[Directions for this task]
When you reach the line that contains "Traueranzeige von Anna" below, transcribe it and each line after it word for word to the end of the records, omitting pictures.

= Beginning of Section =

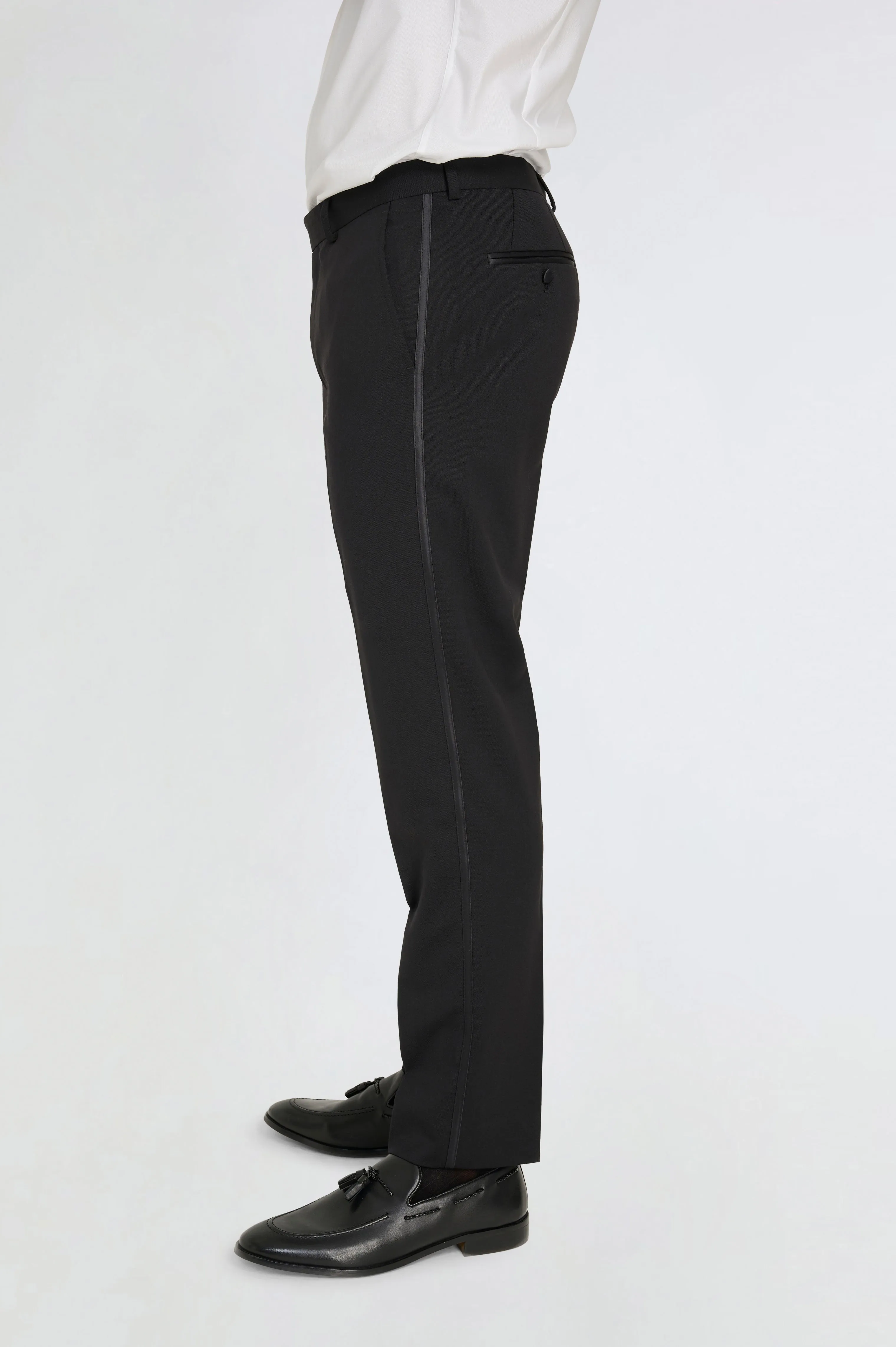 Leo Tuxedo Dinner Trousers with Satin Stripe Detail in Black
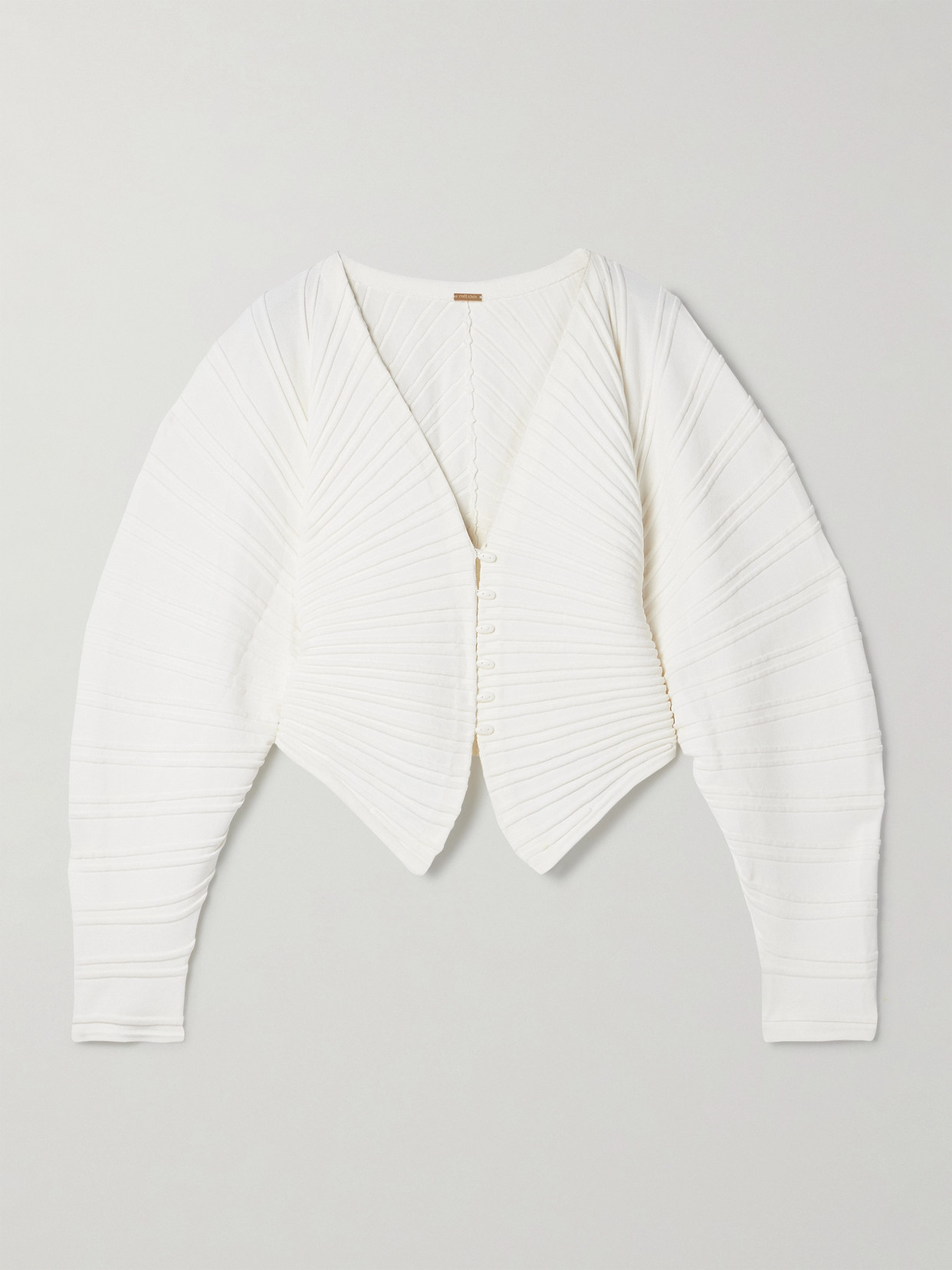 Cult Gaia Blair Ribbed-knit Cardigan In White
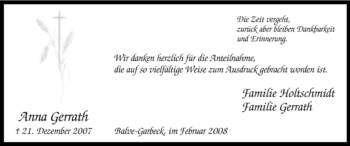 Traueranzeige von Anna Gerrath von Tageszeitung
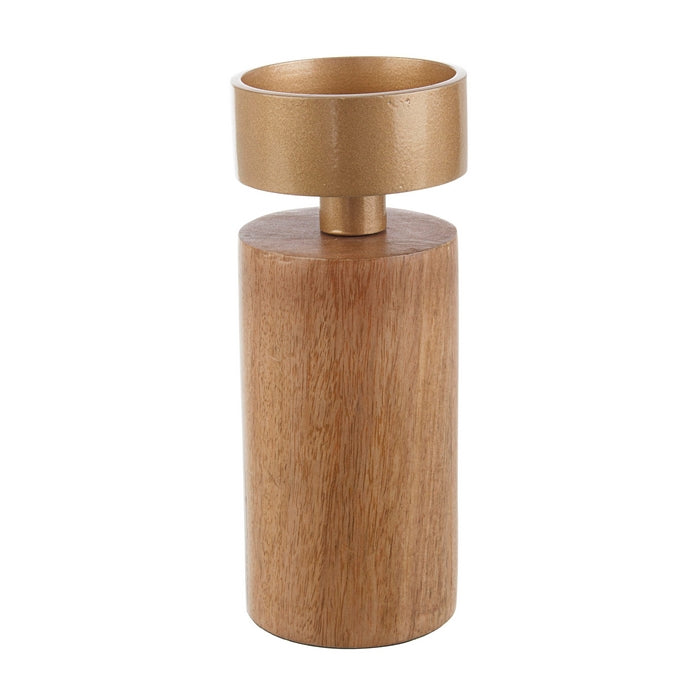 Porta candela cilindrico in legno 1 fuoco - Vivek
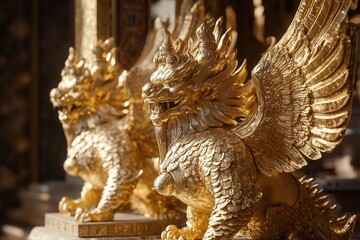 Two majestic golden mythical creatures with wings, intricately carved, showcasing traditional craftsmanship and grandeur.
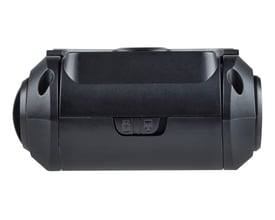 OSRAM ROADsight REAR 10 sort dashcam vist forfra, med synlige knapper og monteringshuller.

= End of Section =

[Solution to the problem]
 Traueranzeige von Anna Gerrath von Tageszeitung
 Porta candela cilindrico in legno 1 fuoco - Vivek
 Two majestic golden mythical creatures with wings, intricately carved, showcasing traditional craftsmanship and grandeur.
 OSRAM ROADsight REAR 10 sort dashcam vist forfra, med synlige knapper og monteringshuller.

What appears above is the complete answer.